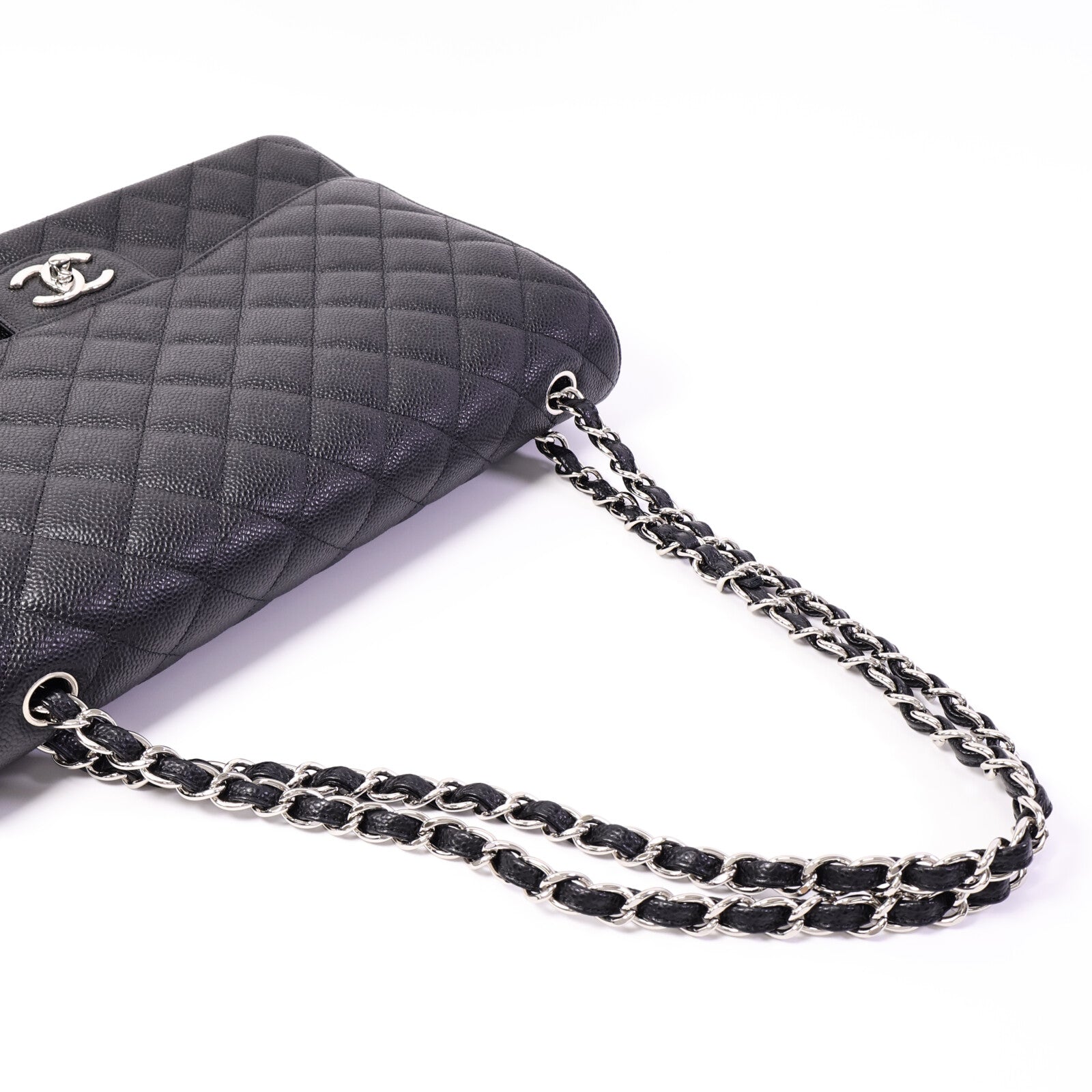 CHANEL 牛皮皮革Maxi Classic鏈帶肩背袋
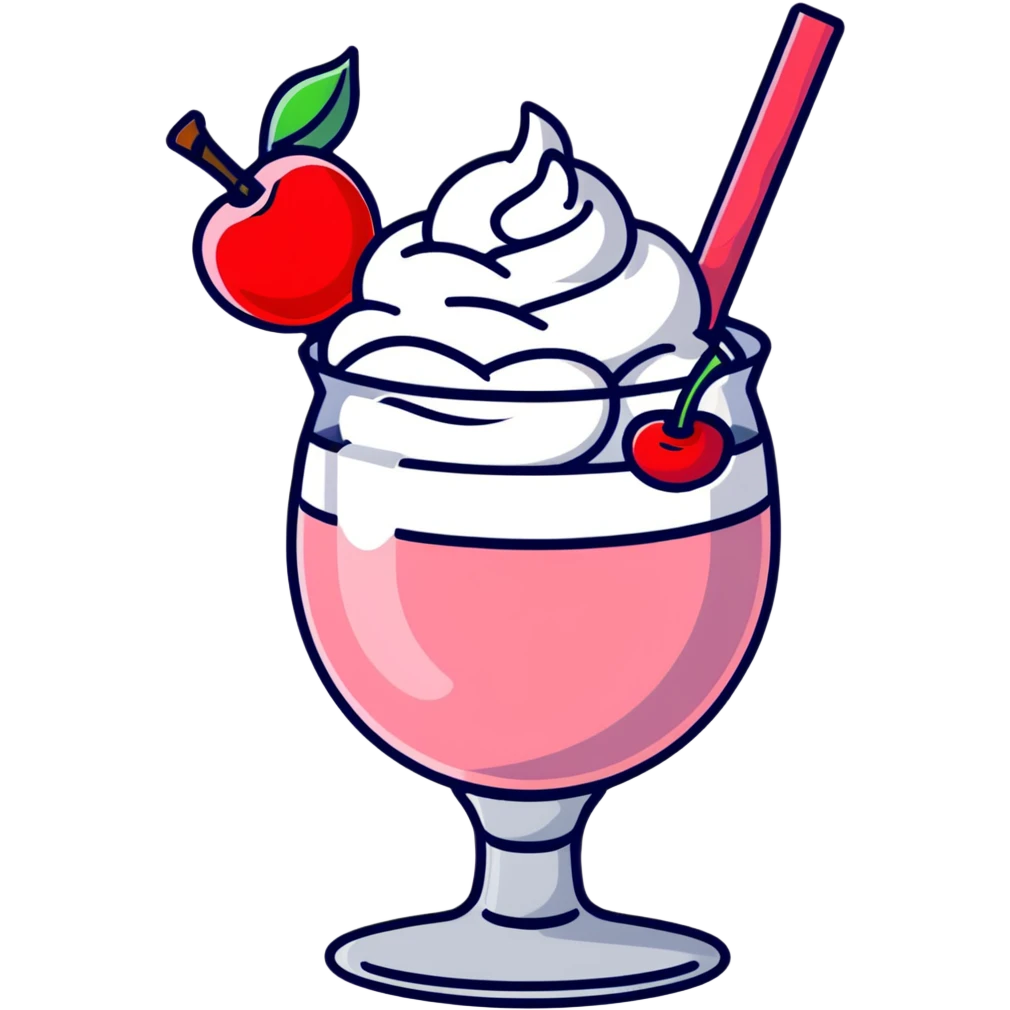 fancy pink frozen cocktail with whipped cream top and cherry emoji
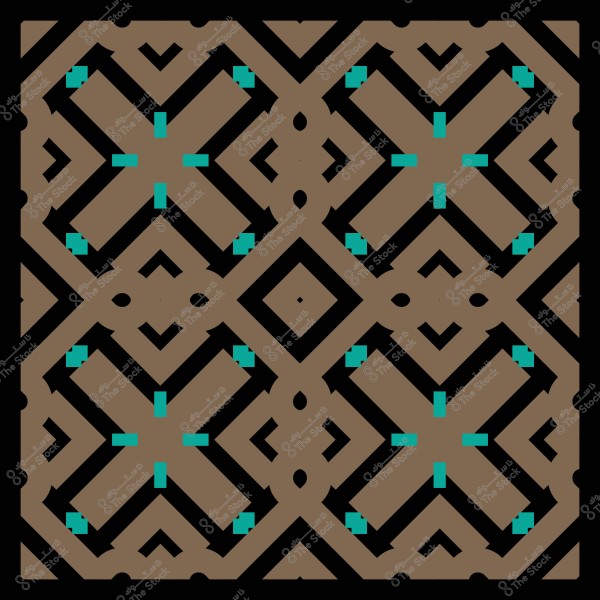 تصميم هندسي بزخارف متداخلة باللونين البني والأسود مع تفاصيل باللون الأزرق الفيروزي.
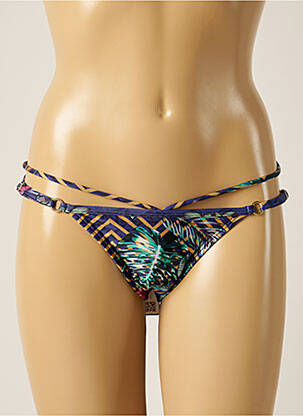 Bas de maillot de bain imprimé tie and dye bikini bleu LUA MORENA femme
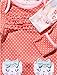 M&Co Baby Girls Long Sleeve Flower Cat And Spot Print Frill And Bow Detail Cotton Sleepsuits - 2 Pack Coral 0/3 Mnths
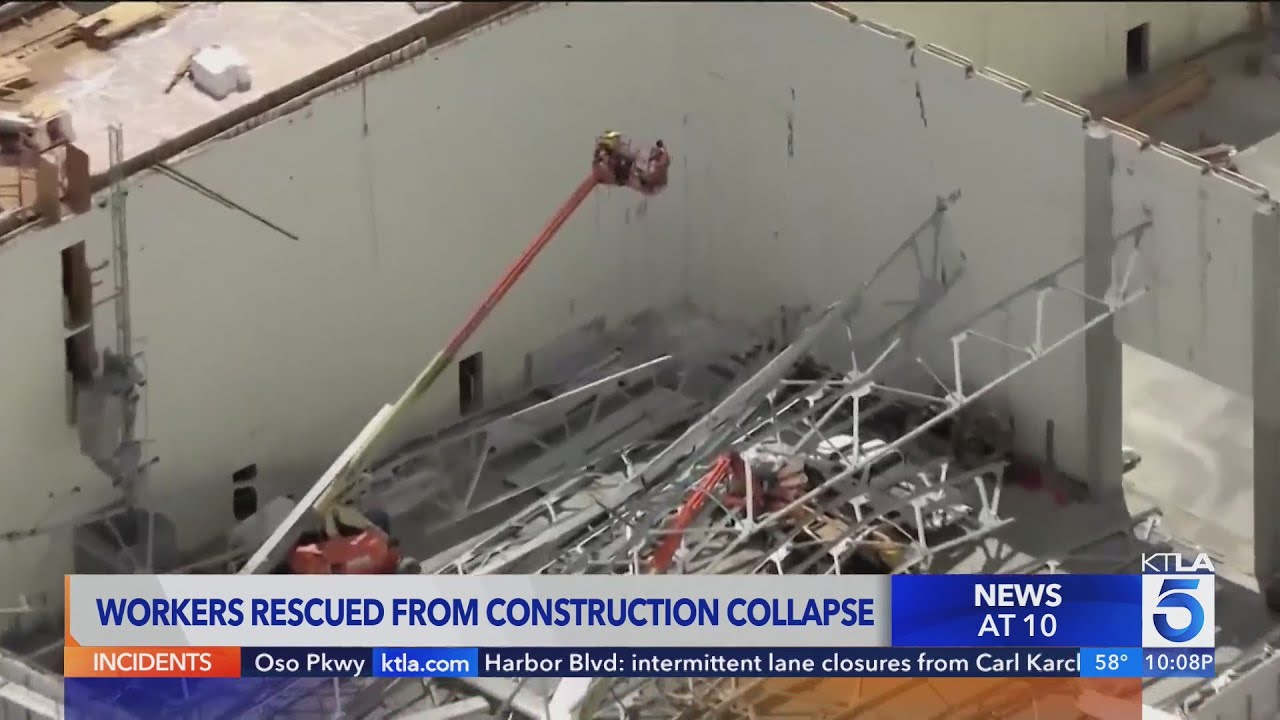 Workers rescued from construction site collapse in Glendale - YouTube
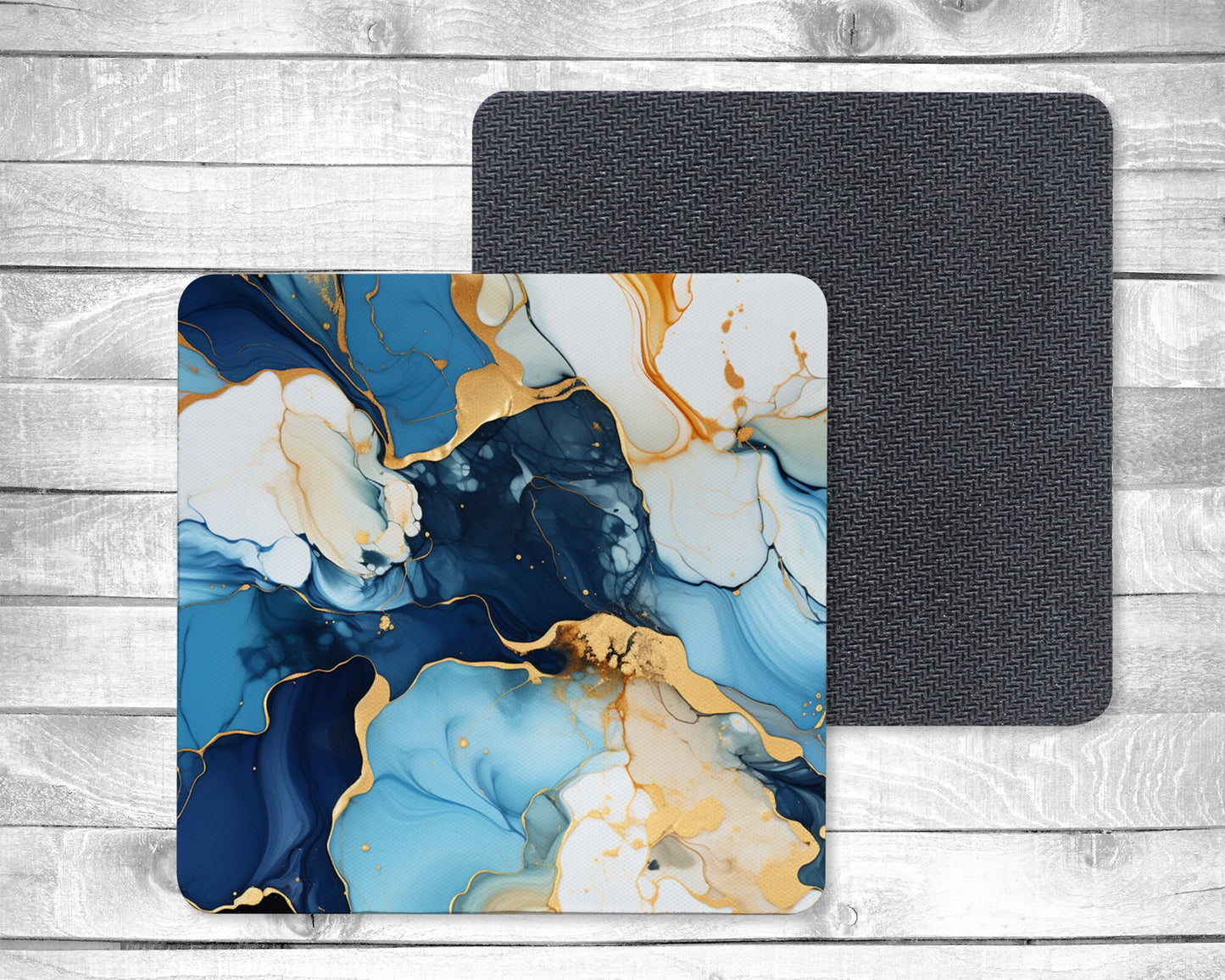 Abstract Blue and Gold Absorbent Drink Coasters - Individual or set of 4 - Non-Slip Base - Neoprene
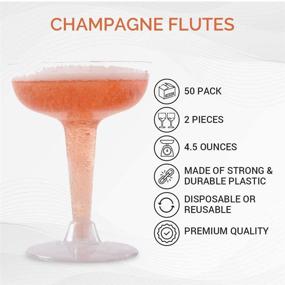 img 1 attached to 🥂 Oasis Creations Plastic Champagne Glasses Set (50 Count) - 4.5oz Stem Cups - Perfect for Birthday Party, Wedding Reception and More!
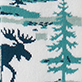 View Women's Roaming Moose Cozy Socks - Blue moose silhouette and teal pine tree pattern on a white background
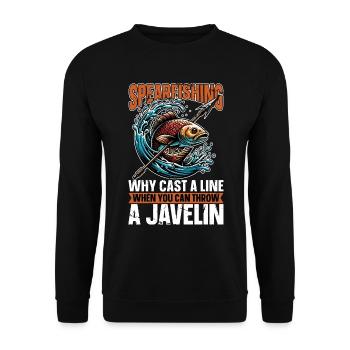 Spearfishing Why Cast A Line Fisherman Freedive - Unisex Pullover - Schwarz - Vorne - Alina (178cm) & Michal (187cm)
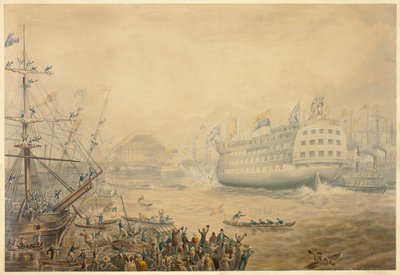 Sjösättningen av Trafalgar av George Baxter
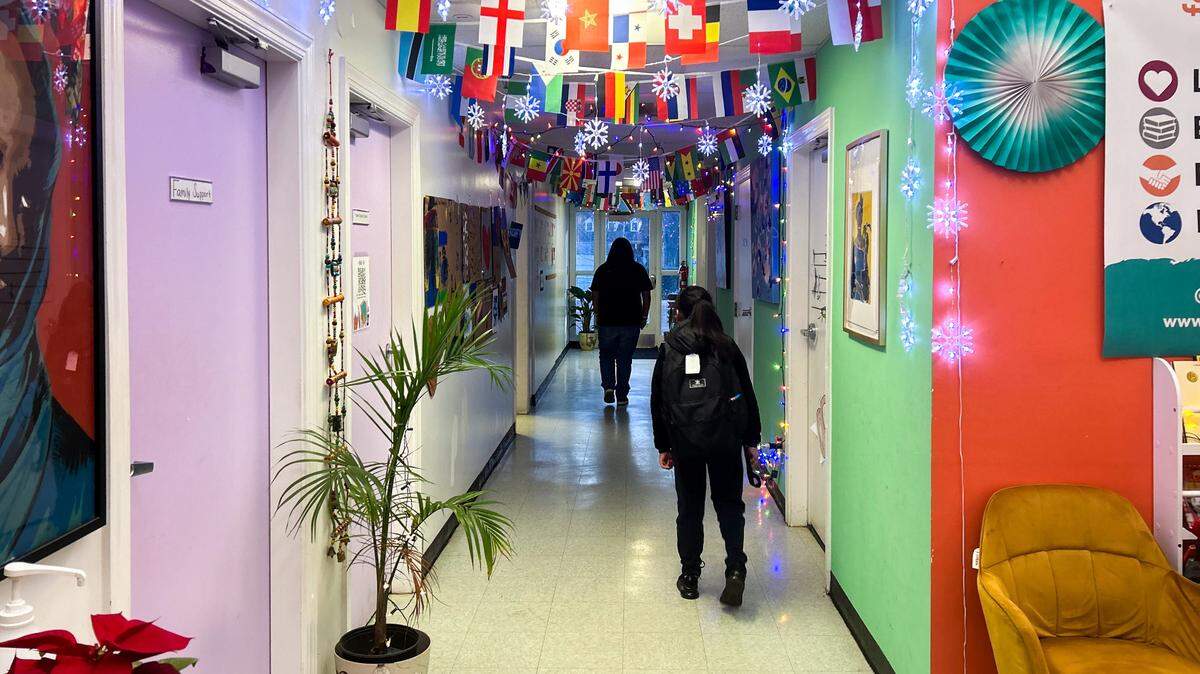 A student walks down the hall at ourBRIDGE for Kids, an afterschool program for immigrant and refugee children in Charlotte.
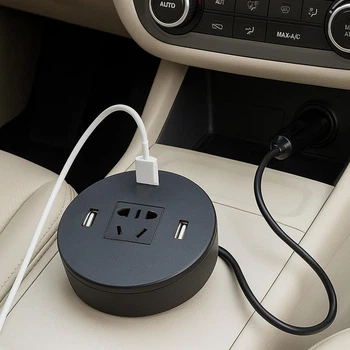Разветвитель в прикуриватель 12V 3 USB порта с розеткой для быстрой зарядки смартфонов и авто гаджетов 9,5x2,5 см Черный адаптер питания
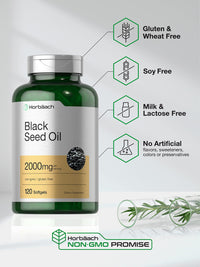 Thumbnail for Horbaach Black Seed Oil Cold Pressed Softgel Capsules | 2000mg | 120 Count | Supplement with Omega 6 and 9 | Nigella Sativa | Non-GMO and Gluten Free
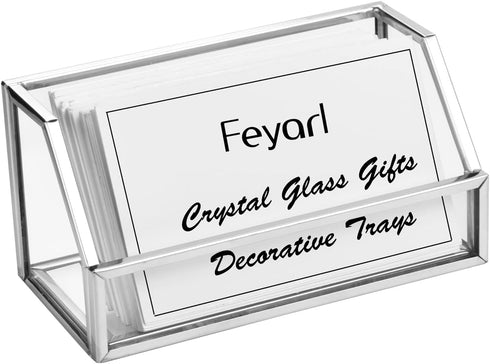Feyarl Glass Business Card Holder Stand Gold Office Name Card Display Business Card Organizer Storage for Office Desktop Countertop (Silver)...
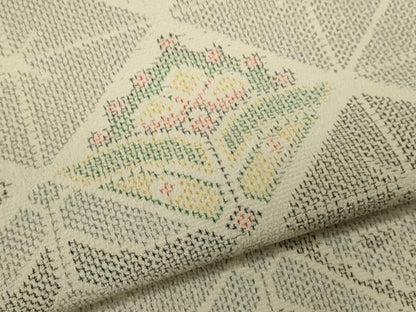 平和屋着物▽本塩沢　単衣　菱草花文　正絹　逸品　CABF3052ze
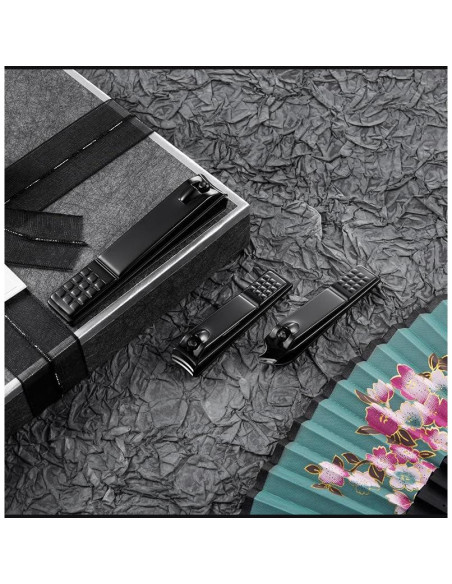 Juego de 3 Cortauñas de Acero Inoxidable Feisheng Negro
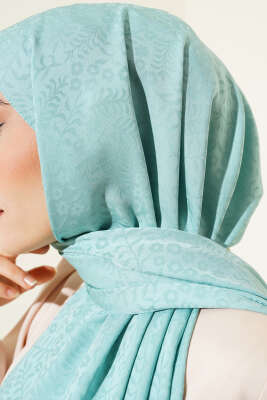 Mini Çiçekli Jakar Şal Mint -134 - Yılın Fırsatı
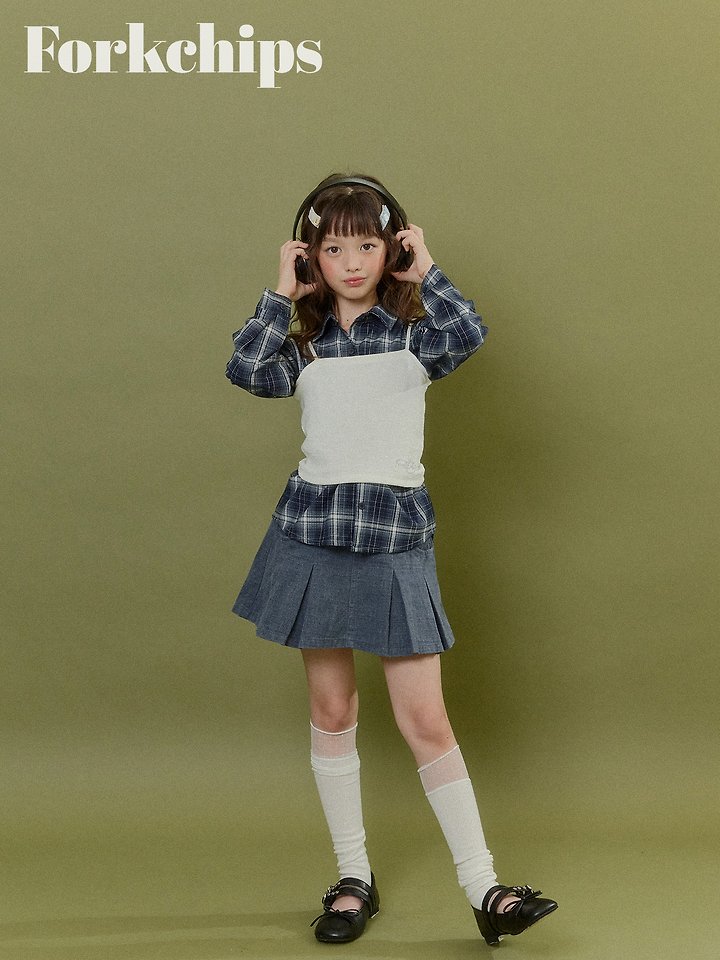 Fork Chips - Korean Children Fashion - #kidsshorts - Chic Stone Sleeveless Top - 12
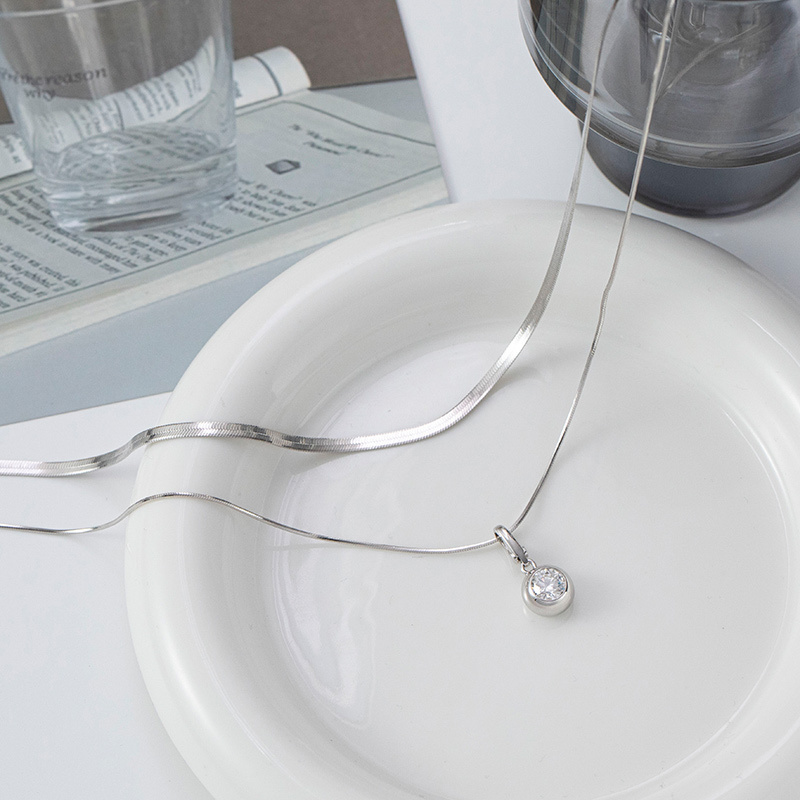 Sotiya Double Layer Solitaire Round Cut Moissanite Necklace Sterling Silver-Sotiya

* Aim of the exercise *
Each line above must be repeated exactly in the answer, with pictures omitted.

* Answer to the exercise *
 CHANEL 牛皮皮革Maxi Classic鏈帶肩背袋
 fancy pink frozen cocktail with whipped cream top and cherry emoji
 تصميم هندسي بزخارف متداخلة باللونين البني والأسود مع تفاصيل باللون الأزرق الفيروزي.
 Bas de maillot de bain imprimé tie and dye bikini bleu LUA MORENA femme
 M&Co Baby Girls Long Sleeve Flower Cat And Spot Print Frill And Bow Detail Cotton Sleepsuits - 2 Pack Coral 0/3 Mnths
 Workers rescued from construction site collapse in Glendale - YouTube
 Abstract Blue and Gold Absorbent Drink Coasters - Individual or set of 4 - Non-Slip Base - Neoprene
 img 1 attached to 🥂 Oasis Creations Plastic Champagne Glasses Set (50 Count) - 4.5oz Stem Cups - Perfect for Birthday Party, Wedding Reception and More!
 View Women's Roaming Moose Cozy Socks - Blue moose silhouette and teal pine tree pattern on a white background
 Spearfishing Why Cast A Line Fisherman Freedive - Unisex Pullover - Schwarz - Vorne - Alina (178cm) & Michal (187cm)
 Sjösättningen av Trafalgar av George Baxter
 A student walks down the hall at ourBRIDGE for Kids, an afterschool program for immigrant and refugee children in Charlotte.
Разветвитель в прикуриватель 12V 3 USB порта с розеткой для быстрой зарядки смартфонов и авто гаджетов 9,5x2,5 см Черный адаптер питания
 Thumbnail for Horbaach Black Seed Oil Cold Pressed Softgel Capsules | 2000mg | 120 Count | Supplement with Omega 6 and 9 | Nigella Sativa | Non-GMO and Gluten Free
Feyarl Glass Business Card Holder Stand Gold Office Name Card Display Business Card Organizer Storage for Office Desktop Countertop (Silver)...
 平和屋着物▽本塩沢　単衣　菱草花文　正絹　逸品　CABF3052ze
 Juego de 3 Cortauñas de Acero Inoxidable Feisheng Negro
 Mini Çiçekli Jakar Şal Mint -134 - Yılın Fırsatı
 Fork Chips - Korean Children Fashion - #kidsshorts - Chic Stone Sleeveless Top - 12
 Sotiya Double Layer Solitaire Round Cut Moissanite Necklace Sterling Silver-Sotiya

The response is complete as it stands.